The five stages in plain English

  • 1. DNS lookupYour browser asks "what is the IP address of radartrek.com?" A DNS server looks it up — like calling directory enquiries for a phone number. Takes ~20ms.
  • 2. TCP connectionYour browser dials the server using its IP address. They shake hands and establish a channel — like picking up the phone before you can speak.
  • 3. HTTPS handshakeThey agree on encryption so nobody can eavesdrop on the conversation. This is what the padlock means.
  • 4. HTTP request and responseYour browser says "GET /about-us HTTP/1.1". The server returns the HTML file for that page.
  • 5. Browser rendersThe browser reads the HTML, fetches linked CSS and JS files, and builds the visual page you see. This is where HTML and CSS come in.
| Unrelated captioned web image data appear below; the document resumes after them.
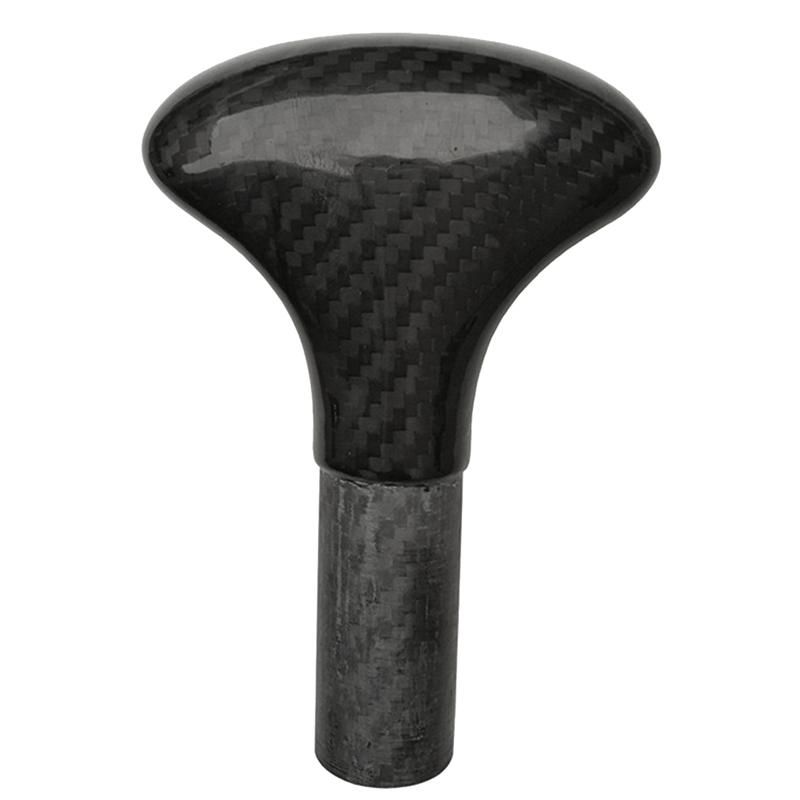 Carbon Paddle Handle Surf Paddle Handle Carbon Paddle for Surfboard Paddle Surfing Accessories Dia 25mm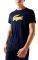 T-SHIRT LACOSTE 3D PRINT CROCODILE TH2042 1RH  / (M)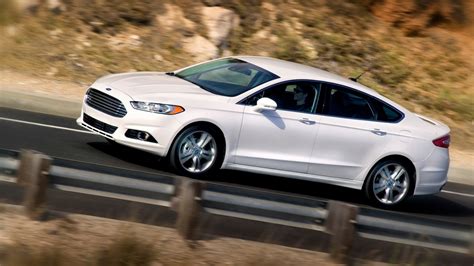 Green Car Reports 2013 Best Car To Buy Nominee: Ford Fusion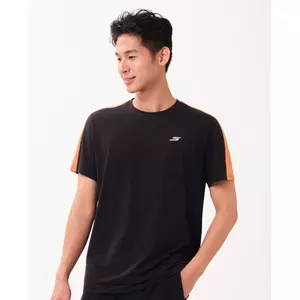 SKECHERS - Áo thun thể thao nam Running Performance_SP226M126-0018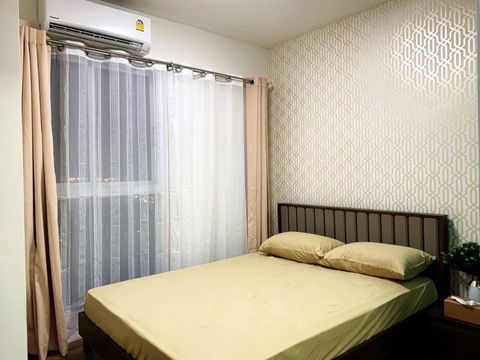 ให้เช่าคอนโด 𝗔 𝗦𝗽𝗮𝗰𝗲 𝗠𝗲 𝗕𝗮𝗻𝗴𝗻𝗮 🏡 𝟳,𝟬𝟬𝟬 เฟอร์ครบ พร้อมอยู่‼️#ตอบแชทไว 🔥🔥รหัส M1362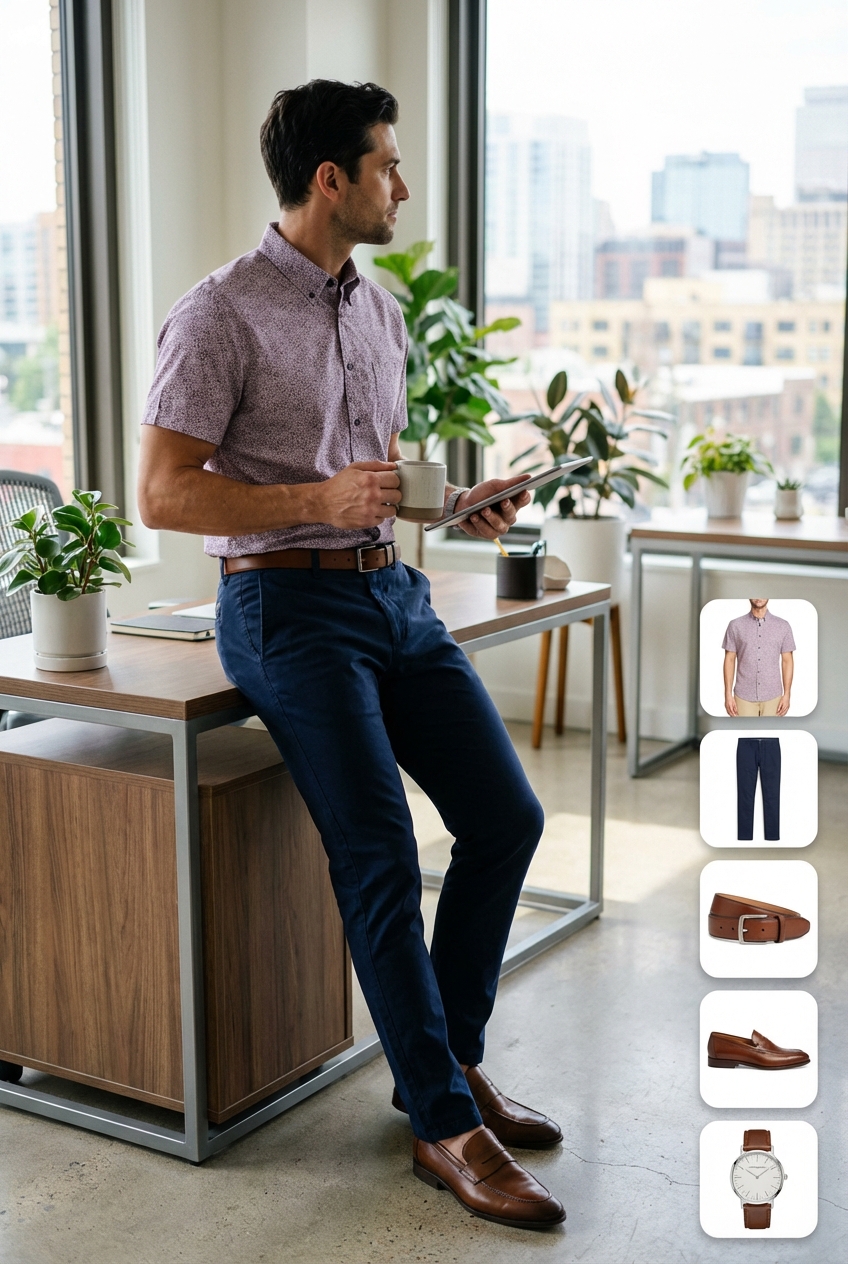 Business Casual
Why this matters for builders

Every decision you make as a web builder sits somewhere in this chain. Choosing a host affects steps 3 and 4. Writing efficient database queries affects step 4. Compressing images affects how quickly step 5 completes. Understanding the chain means you know where to look when something is slow or broken.

!

Open DevTools and watch it happen

In Chrome or Edge: press F12, click Network, refresh any page. You'll see every request the browser makes — the HTML, the CSS files, the images, the fonts. Each row is one request. Click on one and you can see the exact timing of each stage. This is one of the most useful developer tools you'll ever use.

Try this

Open browser DevTools (F12), go to the Network tab, visit any website, and find the first HTML request in the list. Look at the "Timing" section — you'll see DNS lookup, TCP connection, SSL handshake, and download time, all in milliseconds.